§ **Work instructions**
The pictures in the listing below are to be skipped, while the lines between the line holding "Syair-Prediksi-Suhu-Togel-SGP-25-Oktober-2026-Hari-Minggu" and the line holding "2024-2030年半导体功率器件行业市场调研及发展趋势预测报告(图3)", inclusive, are to be output exactly.

§ **Materials provided**
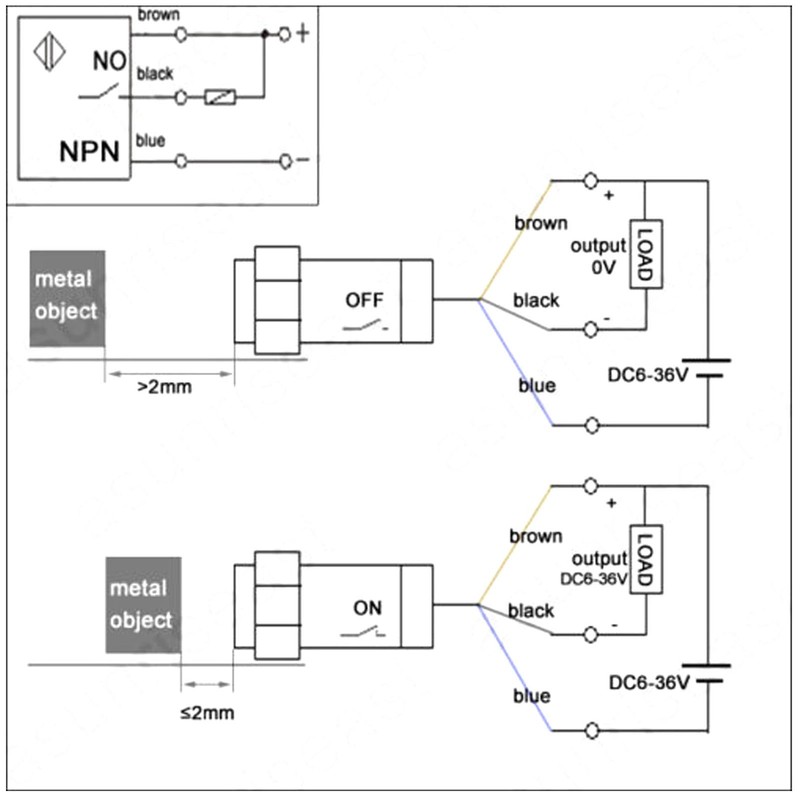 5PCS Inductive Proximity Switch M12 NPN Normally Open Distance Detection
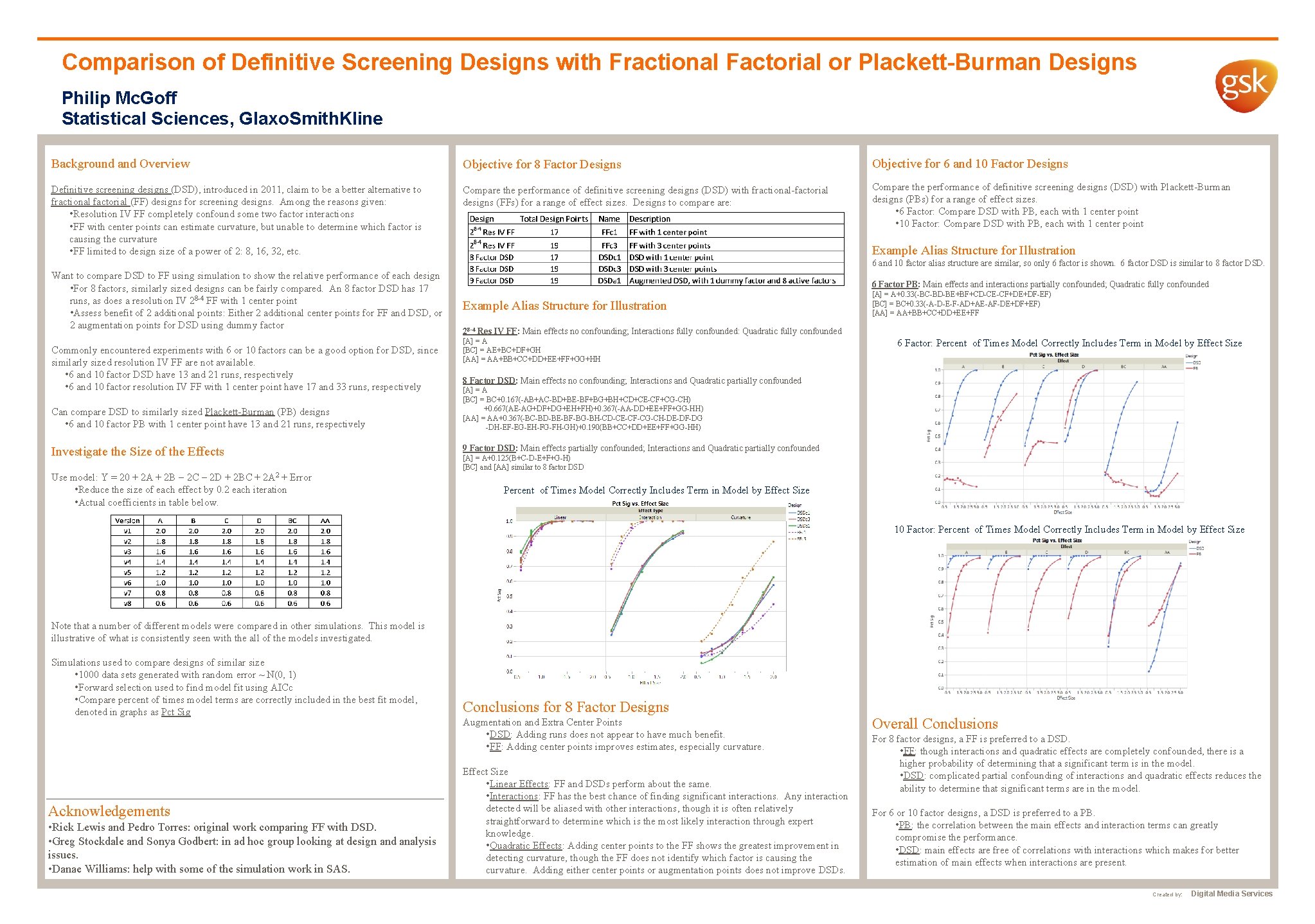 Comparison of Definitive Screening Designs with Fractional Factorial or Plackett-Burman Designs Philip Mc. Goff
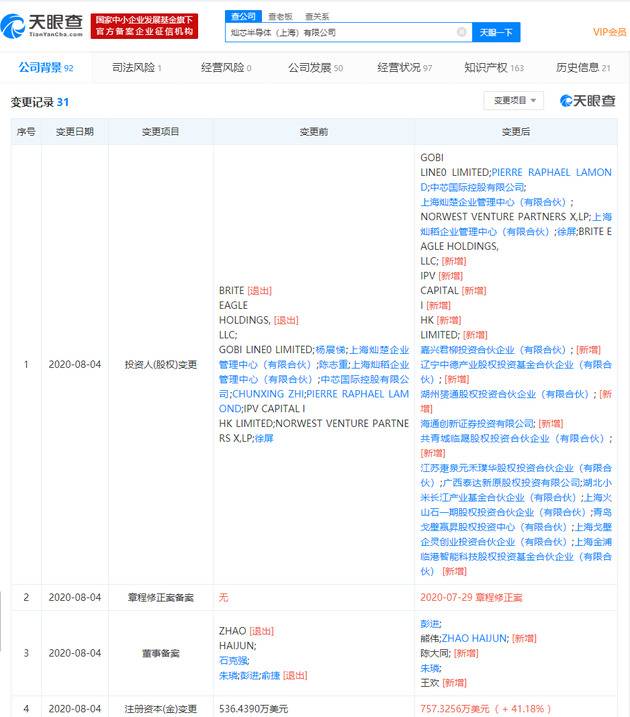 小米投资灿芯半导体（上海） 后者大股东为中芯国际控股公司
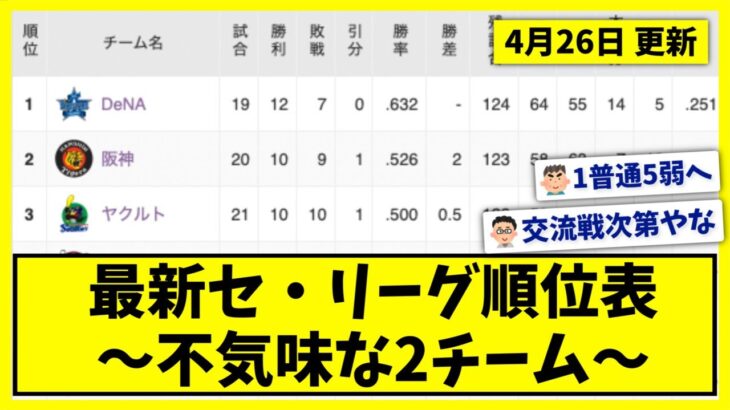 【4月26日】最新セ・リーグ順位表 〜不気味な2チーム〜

* * *

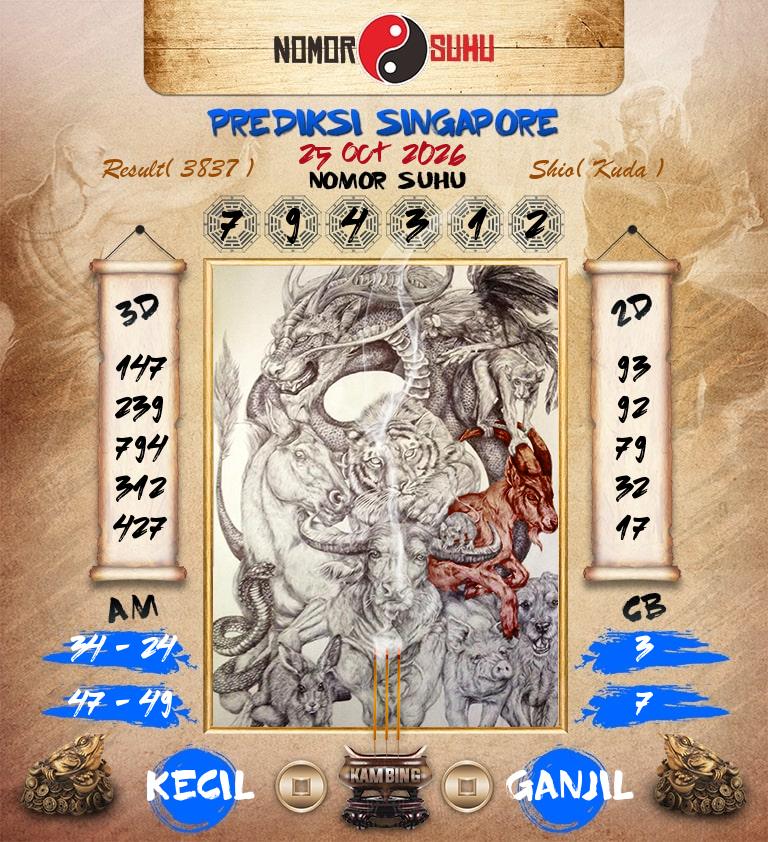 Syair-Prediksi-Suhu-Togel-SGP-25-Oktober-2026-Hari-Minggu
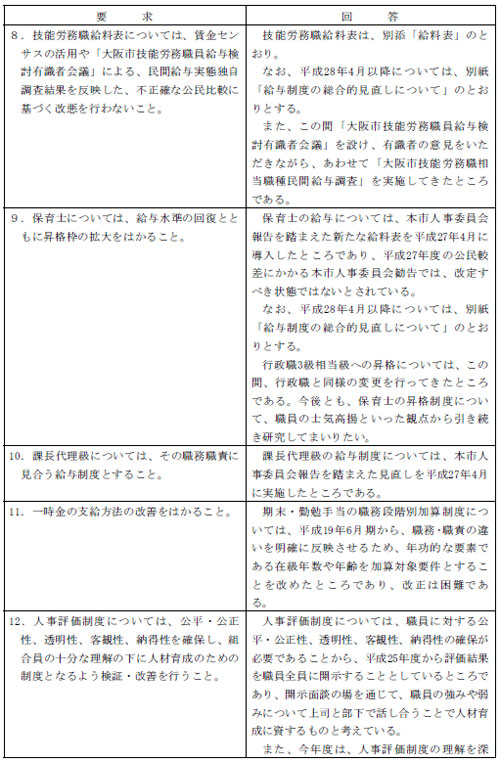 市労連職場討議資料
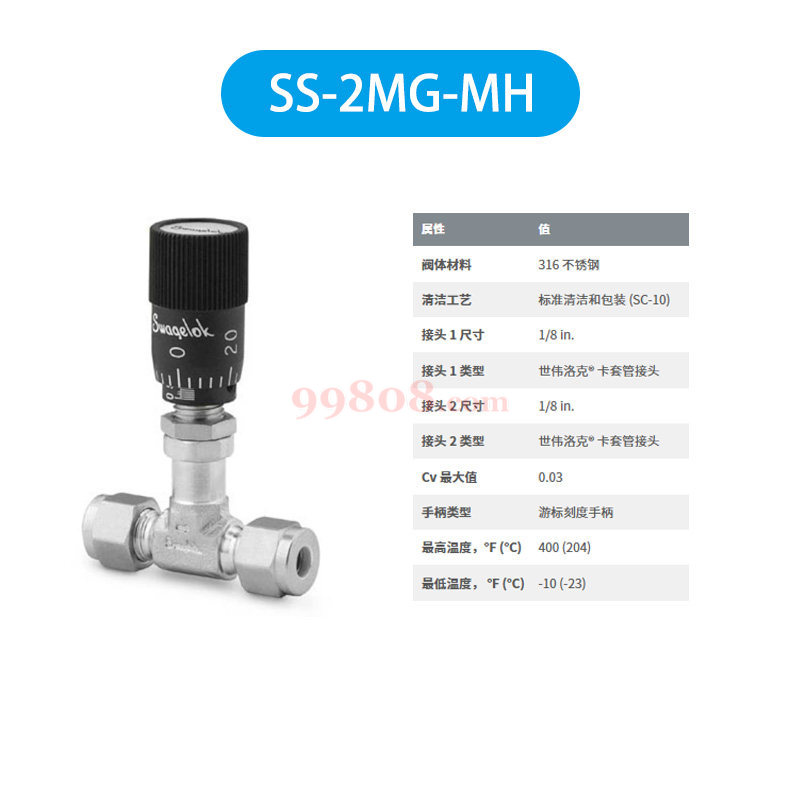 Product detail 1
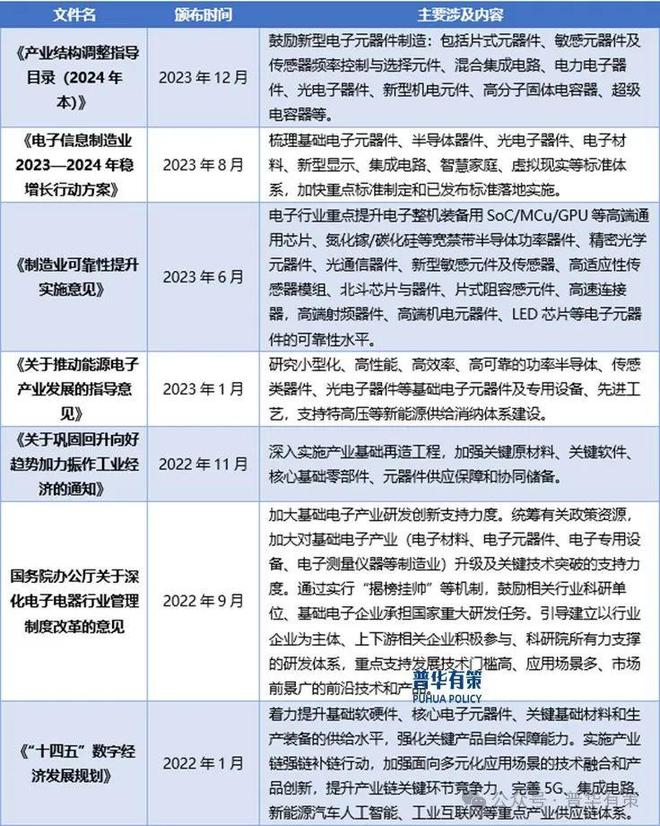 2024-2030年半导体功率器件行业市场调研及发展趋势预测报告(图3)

§ **Result of this task**
 Syair-Prediksi-Suhu-Togel-SGP-25-Oktober-2026-Hari-Minggu
 市労連職場討議資料
 Product detail 1
 2024-2030年半导体功率器件行业市场调研及发展趋势预测报告(图3)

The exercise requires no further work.